OrderedDict([('conductivity_00', Channel(id=1, key='cond06', label='conductivity_00', name='Conductivity', units='mS/cm', derived=False)), ('temperature_00', Channel(id=2, key='temp09', label='temperature_00', name='Temperature', units='°C', derived=False)), ('pressure_00', Channel(id=3, key='pres19', label='pressure_00', name='Pressure', units='dbar', derived=False)), ('oxygensaturation_00', Channel(id=4, key='doxy09', label='oxygensaturation_00', name='Dissolved O₂', units='%', derived=False)), ('chlorophyll_00', Channel(id=5, key='fluo10', label='chlorophyll_00', name='Chlorophyll a', units='µg/l', derived=False)), ('cdom_00', Channel(id=6, key='fluo11', label='cdom_00', name='CDOM', units='ppb', derived=False)), ('turbidity_00', Channel(id=7, key='turb01', label='turbidity_00', name='Turbidity', units='NTU', derived=False)), ('seapressure_00', Channel(id=8, key='pres08', label='seapressure_00', name='Sea pressure', units='dbar', derived=True)), ('depth_00', Channel(id=9, key='dpth01', label='depth_00', name='Depth', units='m', derived=True)), ('salinity_00', Channel(id=10, key='sal_00', label='salinity_00', name='Salinity', units='PSU', derived=True))])

and the deployment:

>>> rsk.deployment
Deployment(id=1, comment='', logger_status=None, logger_time_drift=0, download_time=datetime.datetime(2015, 9, 11, 7, 12, 30, 905000, tzinfo=datetime.timezone.utc), name='080281_20150911_1112.rsk', sample_size=6711588)

Samples

But you probably care most about the sample data.
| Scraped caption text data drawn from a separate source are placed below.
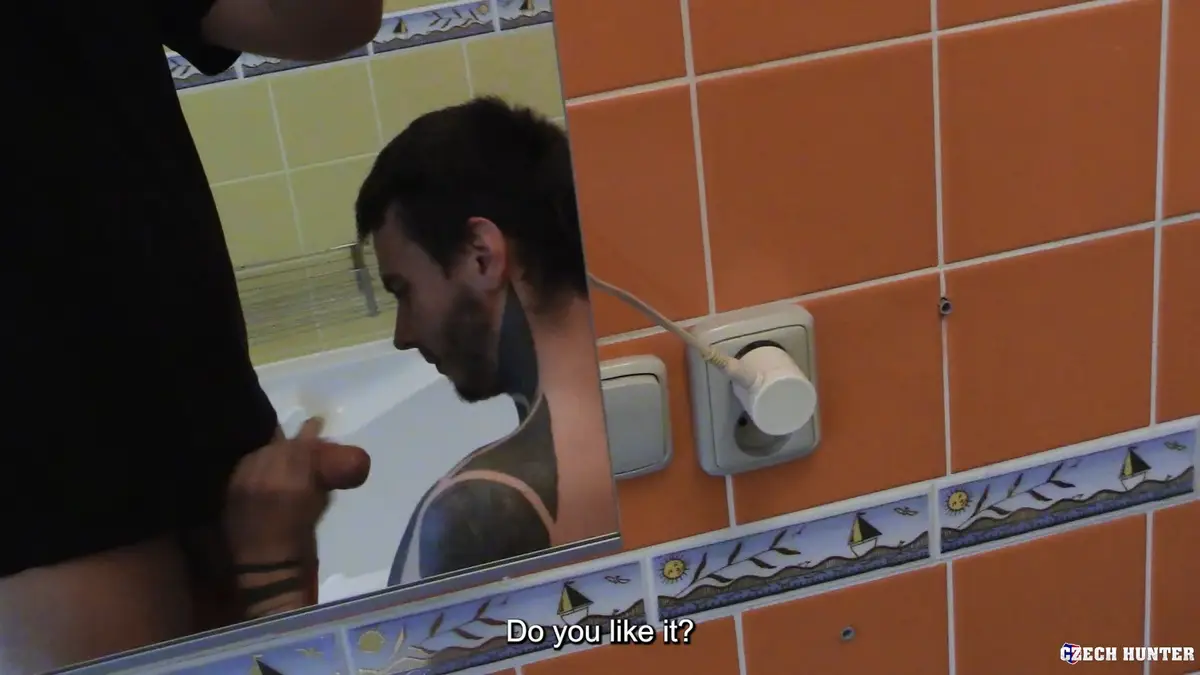 Czech Hunter 748: Shy, Tattooed, and Pierced 2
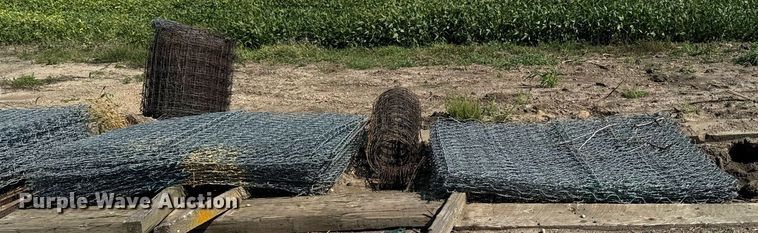 image for item EG6683 Fencing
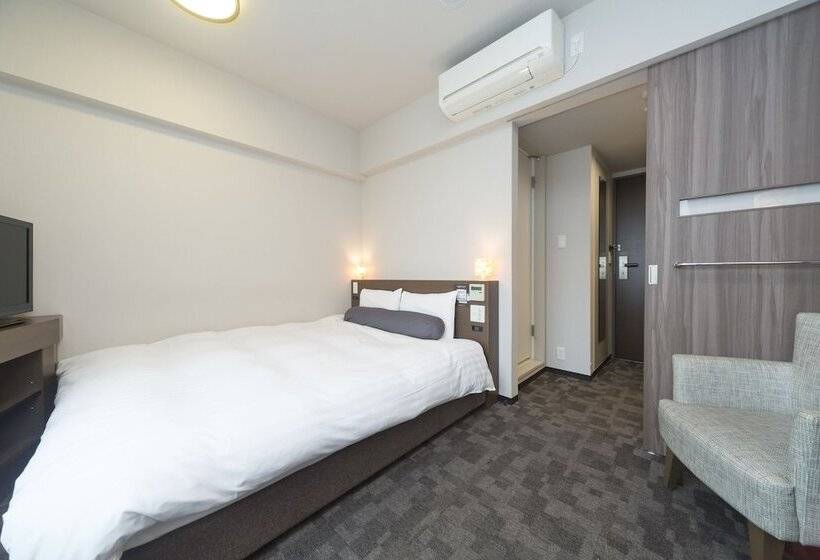 اتاق استاندارد یک نفره, Dormy Inn Premium Shibuya Jingumae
Samples can be accessed in two ways. They can always be accessed iteratively, via a generator:

>>> rsk.samples()
<generator object RSK.samples at 0x10741bf10>
>>> import itertools
>>> for sample in itertools.islice(rsk.samples(), 3):
...     sample
...
Sample(timestamp=datetime.datetime(2015, 8, 29, 8, 28, 9, 333000, tzinfo=datetime.timezone.utc), conductivity_00=50.468727111816406, temperature_00=28.92376708984375, pressure_00=19.332664489746094, oxygensaturation_00=103.3949203491211, chlorophyll_00=0.128173828125, cdom_00=0.0048828125, turbidity_00=1.0341796875, seapressure_00=9.200664520263672, depth_00=9.144135475158691, salinity_00=30.400436401367188)
Sample(timestamp=datetime.datetime(2015, 8, 29, 8, 28, 9, 500000, tzinfo=datetime.timezone.utc), conductivity_00=50.469181060791016, temperature_00=28.92388916015625, pressure_00=19.370471954345703, oxygensaturation_00=103.39202880859375, chlorophyll_00=0.1822509765625, cdom_00=0.082763671875, turbidity_00=1.0419921875, seapressure_00=9.238471984863281, depth_00=9.181711196899414, salinity_00=30.40065574645996)
Sample(timestamp=datetime.datetime(2015, 8, 29, 8, 28, 9, 667000, tzinfo=datetime.timezone.utc), conductivity_00=50.468833923339844, temperature_00=28.92388916015625, pressure_00=19.395383834838867, oxygensaturation_00=103.46443939208984, chlorophyll_00=0.24127197265625, cdom_00=0.116455078125, turbidity_00=1.0439453125, seapressure_00=9.263383865356445, depth_00=9.206469535827637, salinity_00=30.400409698486328)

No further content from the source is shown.